Russische Polizei und demonstrierende Oppositionelle in Moskau, Mai 2012  |  © Mikhail Pochuev/AFP/GettyImages

Der Russe Alexander Dolmatow nahm sich am 17. Januar in der Abschiebehaft in den Niederlanden das Leben. Ein bedauerlicher Tod, der nichts mit seinem abgelehnten Asylantrag zu tun habe, beeilten sich die Behörden zu erklären. Dolmatow war Ingenieur für Lasertechnik im Raketenbau. Und er war Mitglied der Putin-kritischen Partei "Anderes Russland". Immer wieder nahm der 35-Jährige an Protestaktionen gegen die Regierung teil.
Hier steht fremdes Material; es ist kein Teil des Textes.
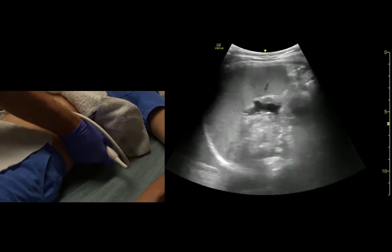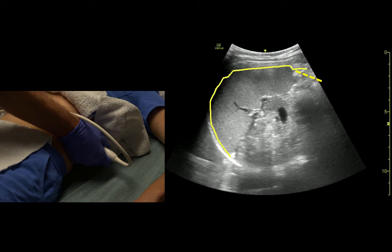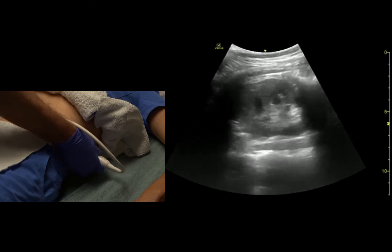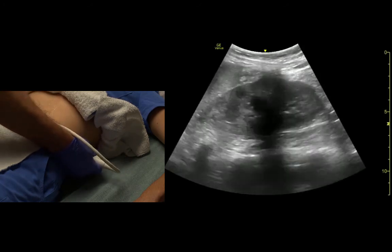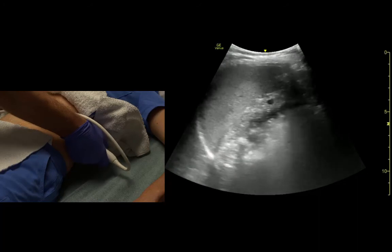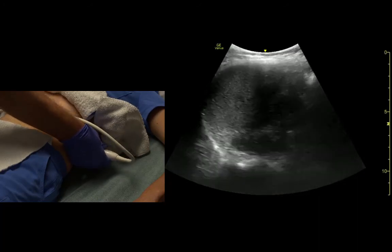The spleen is all uniform texture, fairly small, about the same size as the kidney. And we can see the spine bumps behind the kidney.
Er war auch bei der Demonstration am 6. Mai 2012 auf dem Bolotnaja-Platz in Moskau dabei, als es zu schweren Auseinandersetzungen mit den aggressiv auftretenden Sicherheitskräften kam und er festgenommen wurde.

Werner Schulz

© Hendrik Schmidt/ dpa

früherer Bürgerrechtler, sitzt für die Grünen im Europaparlament und ist dort Mitglied des Auswärtigen Ausschusses. Zu seiner Homepage

In einem Abschiedsbrief an seine Mutter hatte er seine Flucht aus Russland bitter bereut und sein Versagen gegenüber Freunden und seiner Heimat beklagt. Das nahm man in Russland zum Anlass, Dolmatow als tragisches Opfer der westlichen Bürokratie darzustellen. Abgeordnete der Staatsduma forderten, dass die Todesumstände des russischen Staatsbürgers umfassend aufgeklärt würden und sein Leichnam in die Heimat überführt werde.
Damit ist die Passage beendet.